§ MATERIAL PROVIDED
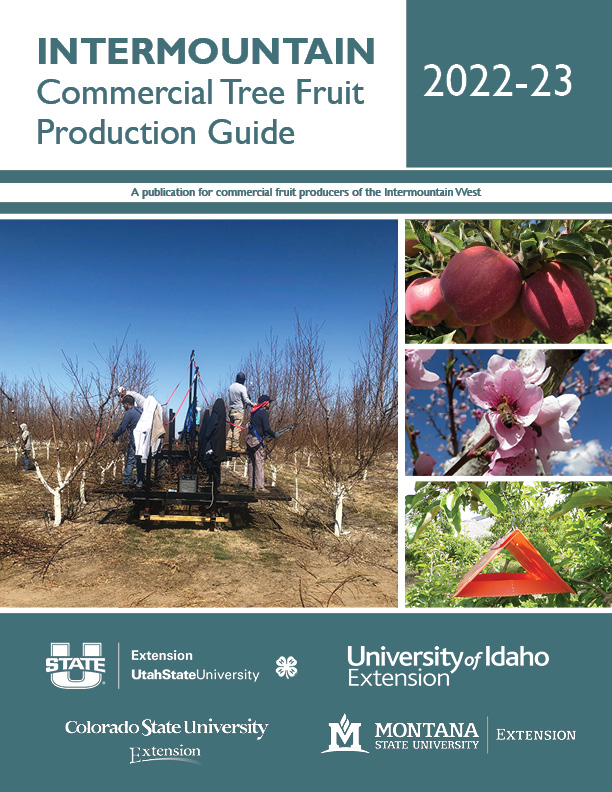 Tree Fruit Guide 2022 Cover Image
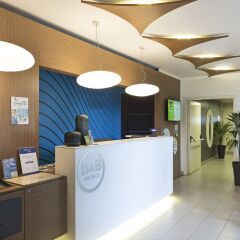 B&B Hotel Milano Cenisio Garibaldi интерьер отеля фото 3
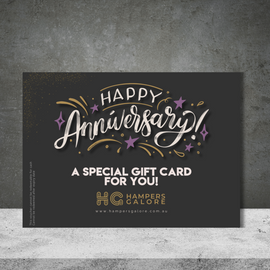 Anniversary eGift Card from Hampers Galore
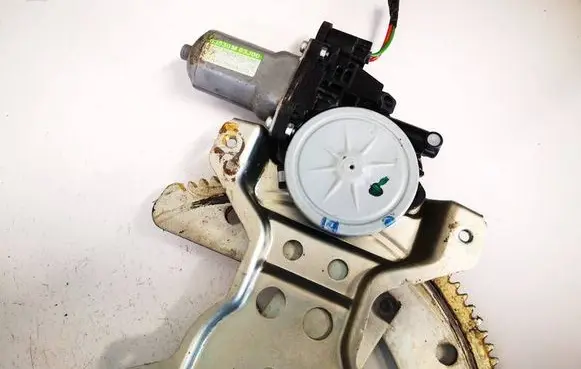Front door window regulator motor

§ WORK TO BE COMPLETED
Once the pictures are removed, copy the listing exactly.

§ EXERCISE RESULT
 Tree Fruit Guide 2022 Cover Image
 B&B Hotel Milano Cenisio Garibaldi интерьер отеля фото 3
 Anniversary eGift Card from Hampers Galore
Front door window regulator motor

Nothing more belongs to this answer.